Querying an SPI sensor automatically

Querying an SPI sensor automatically

After last week's post on how to query an SPI sensor by explicitly managing SPI communications using the Yoctopuce library, we are now going to show how the Yocto-SPI can make your life even easier, and above all simplify the code of the application.

We are therefore keeping the same Murata SCL3300 precision inclinometer and we are going to show you how the communication protocol that we implemented in C# can be integrated directly inside the Yocto-SPI, so that the controlling computer is relieved of this task.

Step 1: Configuring the Yocto-SPI

The parameters that we configured by software can easily be configured in the web interface of the VirtualHub as well, it's up to you. Here is the interface when you have correctly set all the configuration parameters:

Yocto-SPI configuration for the SCL3300
Yocto-SPI configuration for the SCL3300

If you have questions concerning the choice of the parameter values, you can come back to last week's post where we told you where to find the information in the sensor datasheet.

Step 2: Integrating the protocol into the Yocto-SPI

The aim of this step is that the Yocto-SPI spontaneously performs all the transmissions that we have implemented in C# previously. We are therefore going to define a Job in the module configuration interface. This job will contain several tasks, each responsible for one aspect of the protocol: initialization, configuration, check, measures. To give you an overview at first glance, here are the 7 tasks that we need to define. They are explained below.

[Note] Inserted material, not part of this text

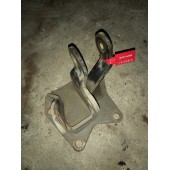 Кронштейн торсиона кабины MAN верхняя часть RH (761)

The 7 tasks to communicate with the SCL3300
The 7 tasks to communicate with the SCL3300

Note that we could have used a few shortcuts to make a simpler solution for our particular case, but we decided to show you a more general solution, that you can adapt to most sensors, in particular thanks to the use of a state variable.

The Reset task

When launching the Job, we start by emptying the communication buffer and by defining a $st state variable which enables us to know which other tasks can be run depending on the state of the sensor.

The initialization task
The initialization task

This task is performed only once, when the state variable hasn't been defined yet.

The SetMode4 task

This task performs the configuration of the SCL3300, such as described in table 10 of the datasheet. You can recognize the command setting the sensor in mode 4, the delays, and the command to read the status. Note that as for the C# approach, we choose to serialize the commands: everything is sent in one go, respecting specified timings, but the results of the commands are taken care of in a separate task.

The configuration task
The configuration task

This task is defined as periodical as we could need to reactivate it if for one reason or another the sensor needs to be reinitialized. We would then need only one other task to reset $st to zero, and the task would run again.

The CheckID task

The aim of this task is to check that initialization worked well. This time it is a reactive task, which means that it is spontaneously triggered in answer to the apparition of a given message sent by the SCL3300. The first command is therefore expect, which recognizes the answer of the READ_ID message with the expected CL identifier. If it is the case, we put a Sensor ready message in all the logs of the module and we switch to the state in which we can start querying the sensor.

The checking task
The checking task

The QueryAngles task

Here is at long last the task that automatically triggers the reading of measures, serially like in C#. The task is periodic every 100ms, which enables us to read at 10Hz, in line with the specifications of SCL3300 mode 4.

The querying task
The querying task

You'll note that there is no actual reading of the results in this task. As for the preceding CheckID task, we are going to use reactive tasks to decode received messages. Thus, you don't even need to plan for temporisation, the module automatically calls our task as soon as the answer arrives.
Note also that we must perform an additional query after asking for the Z angle to receive the answer, as answers in an SPI protocol are only transmitted when one sends the next message.

The ReadAnglesX/Y/Z tasks

We could have created only one task to read three consecutive answers, but as they're three different messages, we opted for a more generic behavior with three distinct tasks, without dependency on the order in which the axes are queried and the order in which the answers arrive.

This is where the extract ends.